Elder Douglas L. Callister
Church of Jesus Christ of Latter Day Saints
Defence of Marriage Committee
P.O. Box 10637
Glendale, CA 91209-3637
September 7, 1999
Dear Elder Callister:
I have just read with interest your letter to the Stake Presidents in California urging them to support passage of your Traditional Marriage Initiative on the March, 2000 California ballot. It is a troubling image of a church at work, and an argument, if ever there was one, for moving forcefully against organized religion.
“Experience shows that it is generally more successful to begin with the more affluent members,” you write. To care for the sick? House the homeless? Foster world peace? No, you want them to join you in keeping families from forming that do not meet your criteria of what a family should look like. Your admonishment to exert “no undue pressure of any type,” and to avoid raising money on church property shows that you are conscious of the tradition of separation of church and state. But then, in stunning inconsistency, you tell the presidents that “an education process will be required so that those approached will understand this is a moral issue, rather than political (one).”
This may be a moral issue to you, but since the whole purpose of your efforts is to influence an election, it is every bit a civil issue as well. Is it that you don’t know that? Or that you know that and don’t care?
I trust the irony is not lost on you that you are a Mormon urging something you call a “Traditional Marriage” initiative on a ballot. What a short time ago it was when your folk were hounded from one place to another for their views on what constitutes a family! But here you are, only a few generations after the great Mormon quest for a space to be different and you are ready to bring your boot down on somebody else’s neck. You are, it turns out, no different from anybody else who suffers injustice and learns nothing from the experience except that it is better to bully than to be bullied.
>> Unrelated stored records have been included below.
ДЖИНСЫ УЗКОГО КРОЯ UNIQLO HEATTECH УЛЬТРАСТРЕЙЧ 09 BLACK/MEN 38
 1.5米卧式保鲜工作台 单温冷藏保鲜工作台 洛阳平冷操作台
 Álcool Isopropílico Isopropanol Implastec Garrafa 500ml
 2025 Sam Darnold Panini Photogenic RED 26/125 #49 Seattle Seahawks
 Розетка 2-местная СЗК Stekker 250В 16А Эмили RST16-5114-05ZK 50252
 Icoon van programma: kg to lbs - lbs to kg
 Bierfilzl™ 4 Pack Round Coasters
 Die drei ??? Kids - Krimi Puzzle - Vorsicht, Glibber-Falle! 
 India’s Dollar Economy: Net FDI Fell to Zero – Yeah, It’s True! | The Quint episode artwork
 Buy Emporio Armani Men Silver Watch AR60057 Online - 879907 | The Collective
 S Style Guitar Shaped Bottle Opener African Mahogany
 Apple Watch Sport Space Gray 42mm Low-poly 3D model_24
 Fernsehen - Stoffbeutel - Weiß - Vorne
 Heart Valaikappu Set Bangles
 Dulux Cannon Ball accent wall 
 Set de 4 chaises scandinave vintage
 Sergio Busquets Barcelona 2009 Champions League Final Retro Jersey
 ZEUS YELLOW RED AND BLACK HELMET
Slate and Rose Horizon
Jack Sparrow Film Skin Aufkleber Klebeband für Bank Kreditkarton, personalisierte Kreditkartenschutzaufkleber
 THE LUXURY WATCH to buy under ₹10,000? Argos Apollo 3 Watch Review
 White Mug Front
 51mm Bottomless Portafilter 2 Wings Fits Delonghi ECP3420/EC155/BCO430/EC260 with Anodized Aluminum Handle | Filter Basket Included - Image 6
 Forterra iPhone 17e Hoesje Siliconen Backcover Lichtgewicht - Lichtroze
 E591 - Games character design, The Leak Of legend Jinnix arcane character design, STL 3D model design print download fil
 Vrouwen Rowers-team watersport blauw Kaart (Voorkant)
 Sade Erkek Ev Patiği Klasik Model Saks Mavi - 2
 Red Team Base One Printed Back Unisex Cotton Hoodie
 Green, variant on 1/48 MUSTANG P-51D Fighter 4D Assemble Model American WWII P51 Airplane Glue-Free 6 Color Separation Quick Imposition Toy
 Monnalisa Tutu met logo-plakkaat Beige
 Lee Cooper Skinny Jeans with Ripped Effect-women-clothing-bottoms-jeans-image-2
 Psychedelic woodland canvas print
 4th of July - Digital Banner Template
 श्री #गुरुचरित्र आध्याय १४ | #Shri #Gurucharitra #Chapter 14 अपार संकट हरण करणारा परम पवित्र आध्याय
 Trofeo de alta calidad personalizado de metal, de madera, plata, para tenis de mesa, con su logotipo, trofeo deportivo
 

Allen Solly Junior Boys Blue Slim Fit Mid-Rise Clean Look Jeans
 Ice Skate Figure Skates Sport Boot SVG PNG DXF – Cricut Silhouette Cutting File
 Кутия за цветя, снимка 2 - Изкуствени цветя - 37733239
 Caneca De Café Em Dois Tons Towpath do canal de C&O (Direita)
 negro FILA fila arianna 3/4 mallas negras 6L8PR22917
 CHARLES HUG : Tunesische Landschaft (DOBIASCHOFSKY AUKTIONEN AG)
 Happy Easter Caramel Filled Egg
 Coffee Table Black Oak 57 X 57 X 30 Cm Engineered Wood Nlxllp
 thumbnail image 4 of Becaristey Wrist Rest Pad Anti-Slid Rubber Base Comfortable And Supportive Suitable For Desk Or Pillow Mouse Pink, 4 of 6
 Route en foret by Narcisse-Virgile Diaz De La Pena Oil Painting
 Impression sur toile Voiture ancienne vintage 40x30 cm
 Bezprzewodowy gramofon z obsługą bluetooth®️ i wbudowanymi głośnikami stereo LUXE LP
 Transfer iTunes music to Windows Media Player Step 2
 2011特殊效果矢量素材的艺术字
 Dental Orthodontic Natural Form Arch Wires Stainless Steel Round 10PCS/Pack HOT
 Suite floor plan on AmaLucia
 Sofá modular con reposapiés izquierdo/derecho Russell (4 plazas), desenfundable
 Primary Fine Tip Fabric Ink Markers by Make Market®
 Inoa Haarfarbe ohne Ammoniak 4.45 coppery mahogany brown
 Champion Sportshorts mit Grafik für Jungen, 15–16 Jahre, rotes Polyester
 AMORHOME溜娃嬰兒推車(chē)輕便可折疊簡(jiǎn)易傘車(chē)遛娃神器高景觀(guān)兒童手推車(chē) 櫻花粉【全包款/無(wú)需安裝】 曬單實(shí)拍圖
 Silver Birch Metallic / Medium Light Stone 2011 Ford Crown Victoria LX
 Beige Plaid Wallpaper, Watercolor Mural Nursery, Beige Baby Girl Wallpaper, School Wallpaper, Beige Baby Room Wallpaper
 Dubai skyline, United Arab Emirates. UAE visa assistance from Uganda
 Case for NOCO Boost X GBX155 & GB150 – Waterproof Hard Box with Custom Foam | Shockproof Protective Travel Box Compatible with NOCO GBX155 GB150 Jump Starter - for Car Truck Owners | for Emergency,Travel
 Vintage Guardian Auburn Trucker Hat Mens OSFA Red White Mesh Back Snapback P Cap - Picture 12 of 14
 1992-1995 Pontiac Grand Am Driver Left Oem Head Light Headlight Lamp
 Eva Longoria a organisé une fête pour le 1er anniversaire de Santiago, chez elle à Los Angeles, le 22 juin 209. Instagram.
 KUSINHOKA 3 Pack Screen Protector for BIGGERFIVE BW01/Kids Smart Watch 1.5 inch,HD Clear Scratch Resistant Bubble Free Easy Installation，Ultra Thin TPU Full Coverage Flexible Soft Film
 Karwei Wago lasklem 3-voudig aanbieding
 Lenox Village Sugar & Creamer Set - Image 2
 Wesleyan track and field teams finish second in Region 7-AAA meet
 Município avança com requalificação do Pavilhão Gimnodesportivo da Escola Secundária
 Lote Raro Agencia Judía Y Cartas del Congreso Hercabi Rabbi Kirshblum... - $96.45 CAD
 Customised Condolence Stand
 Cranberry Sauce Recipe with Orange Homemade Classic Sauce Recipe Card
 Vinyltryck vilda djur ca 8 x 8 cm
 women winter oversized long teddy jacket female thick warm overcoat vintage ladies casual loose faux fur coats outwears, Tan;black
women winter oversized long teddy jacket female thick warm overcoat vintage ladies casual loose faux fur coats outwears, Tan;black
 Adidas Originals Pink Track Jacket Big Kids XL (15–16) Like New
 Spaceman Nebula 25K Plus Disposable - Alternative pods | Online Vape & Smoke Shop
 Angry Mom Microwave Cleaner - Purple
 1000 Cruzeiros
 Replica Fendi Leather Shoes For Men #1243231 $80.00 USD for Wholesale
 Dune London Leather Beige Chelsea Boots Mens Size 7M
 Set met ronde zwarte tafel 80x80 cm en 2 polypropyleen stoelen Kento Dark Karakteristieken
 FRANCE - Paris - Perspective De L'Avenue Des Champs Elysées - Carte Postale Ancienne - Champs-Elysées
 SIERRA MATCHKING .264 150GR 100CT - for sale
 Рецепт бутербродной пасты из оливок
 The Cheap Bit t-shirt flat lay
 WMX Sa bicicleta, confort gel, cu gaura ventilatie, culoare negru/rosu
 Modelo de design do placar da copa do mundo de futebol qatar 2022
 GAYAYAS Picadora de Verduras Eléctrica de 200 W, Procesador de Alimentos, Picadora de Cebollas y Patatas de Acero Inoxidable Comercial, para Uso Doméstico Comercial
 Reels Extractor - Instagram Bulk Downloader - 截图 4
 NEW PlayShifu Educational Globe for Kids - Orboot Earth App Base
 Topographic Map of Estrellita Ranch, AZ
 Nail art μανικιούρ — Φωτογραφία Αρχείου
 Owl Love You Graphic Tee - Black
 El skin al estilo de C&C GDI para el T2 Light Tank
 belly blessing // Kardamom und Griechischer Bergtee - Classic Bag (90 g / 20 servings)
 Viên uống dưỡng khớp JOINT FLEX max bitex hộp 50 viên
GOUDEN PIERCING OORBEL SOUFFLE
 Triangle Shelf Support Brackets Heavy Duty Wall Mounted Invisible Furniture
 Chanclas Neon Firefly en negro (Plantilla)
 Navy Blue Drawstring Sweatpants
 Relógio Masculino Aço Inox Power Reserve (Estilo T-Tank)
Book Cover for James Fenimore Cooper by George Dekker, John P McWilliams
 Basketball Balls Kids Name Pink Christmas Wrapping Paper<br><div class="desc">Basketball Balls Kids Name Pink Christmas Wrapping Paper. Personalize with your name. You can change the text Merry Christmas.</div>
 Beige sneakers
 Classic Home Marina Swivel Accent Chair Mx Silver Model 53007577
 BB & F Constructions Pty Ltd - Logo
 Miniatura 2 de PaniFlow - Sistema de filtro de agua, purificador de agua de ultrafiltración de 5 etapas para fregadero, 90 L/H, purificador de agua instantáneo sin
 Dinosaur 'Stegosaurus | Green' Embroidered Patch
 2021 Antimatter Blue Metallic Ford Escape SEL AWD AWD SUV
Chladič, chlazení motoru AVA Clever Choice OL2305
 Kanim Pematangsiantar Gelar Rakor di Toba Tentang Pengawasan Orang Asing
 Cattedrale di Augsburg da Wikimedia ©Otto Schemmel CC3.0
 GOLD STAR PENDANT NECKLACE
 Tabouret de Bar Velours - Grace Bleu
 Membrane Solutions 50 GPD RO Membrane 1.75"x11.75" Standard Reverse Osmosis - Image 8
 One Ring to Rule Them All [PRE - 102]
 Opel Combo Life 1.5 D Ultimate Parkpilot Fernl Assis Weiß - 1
I don’t approve of you and your church. In fact, I think your church is a thoroughly loathsome institution. But you do not have to worry that I will do you harm, because I value the social contract we have that makes it possible to live with our diversity and the conviction that my rights end where yours begin and vice versa.
But where is your sense of history, Elder Callister? Your understanding that we are a people striving toward, but never quite living up to, our ideals. We once took what wanted from the native inhabitants of this continent, withheld the right to vote from women, worked children to death, and treated Africans like cattle. And Mormons like pariahs.
The world movement by gay men and women toward recognition of their relationships is larger than the American quest for civil liberties, and it will not be stopped for long, if at all, by your lack of charity any more than it was by other campaigns based in fear and ignorance. In only one generation Americans have come to see the harm they have done to gay people and have moved toward granting them rights previously withheld. The right to family security will come despite the anti-family moves of the Mormon Church.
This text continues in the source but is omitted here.